Quand vous êtes pauvres, vous êtes harcelés, insultés et humiliés à l’école. Très souvent, les adultes ne font rien pour que ça s’arrête. « Qu’est-ce qui ne va pas chez moi ? » se demandaient Lorraine, AnnMarie et Paul chacun dans leur coin.
Lorsque AnnMarie, Lorraine et Paul se sont rencontrés grâce à ATD Quart Monde Irlande, leur vie a changé.
- Ce n’est pas seulement moi. La vérité, c’est que les pauvres ne sont tout simplement pas traités comme les autres. Il y a des mots pour désigner cela : la « discrimination socio-économique » et la « maltraitance institutionnelle. »
Un problème à l’échelle européenne
En Europe, les membres d’ATD Quart Monde ne connaissent que trop bien le problème de la discrimination socio-économique. Même s’il peut prendre différentes formes, il provoque toujours de l’exclusion, de la honte et de la marginalisation. Par exemple, lorsque des parents ne peuvent payer les frais de scolarité, leurs enfants sont exclus de la photo de classe ou des sorties scolaires. Si vous recevez des allocations de l’État, aucun propriétaire n’accepte de vous louer un logement. Lorsque vous postulez un emploi et que vous donnez votre adresse, les entreprises ne veulent plus vous embaucher. Dans toute l’Europe, les militants d’ATD Quart Monde luttent contre cette inégalité de traitement injustifiée.

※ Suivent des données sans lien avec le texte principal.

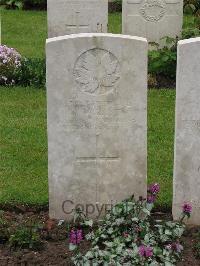 Etaples Military Cemetery - Grant, F J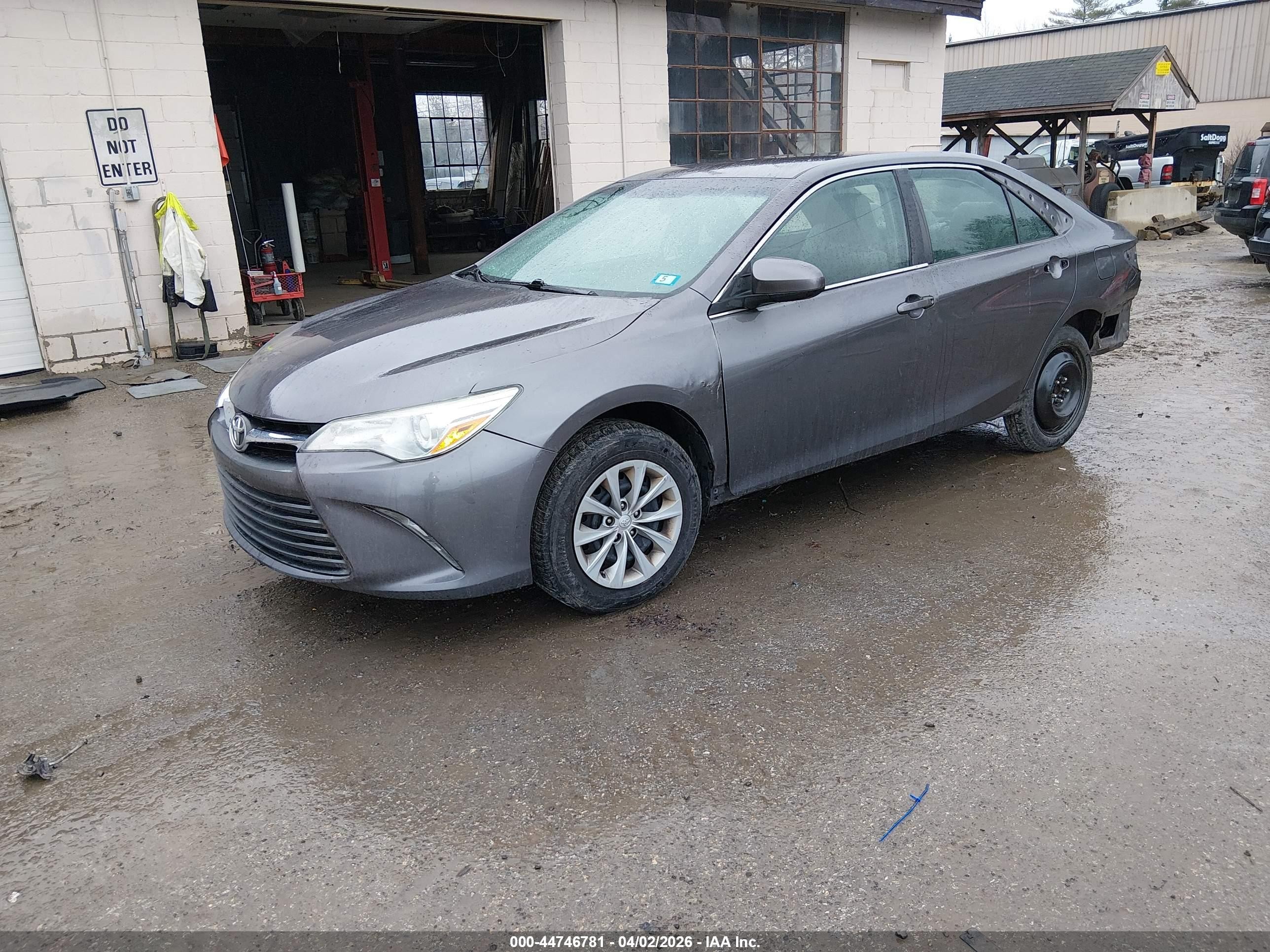 2015 Toyota Camry Le Gray vin: 4T4BF1FK7FR514016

Dialogues citoyens européens 2022
En septembre dernier, soixante de ces militants se sont réunis au Centre International d’ATD Quart Monde, en France, pour débattre de cette question. Annmarie, Lorraine et Paul ont assisté, en tant que représentant·e·s de l’Irlande, aux trois journées de rencontre « Dialogues citoyens européens » portant sur la maltraitance institutionnelle et la discrimination socio-économique. Ils y ont retrouvé des délégués venus de Belgique, de Bulgarie, d’Allemagne, de France et de Suisse. Chacun de ces groupes réunissait des membres d’ATD Quart Monde partageant la même expérience : ils avaient tous fait l’objet de différences de traitement, voire de maltraitance, parce qu’ils vivaient dans la pauvreté.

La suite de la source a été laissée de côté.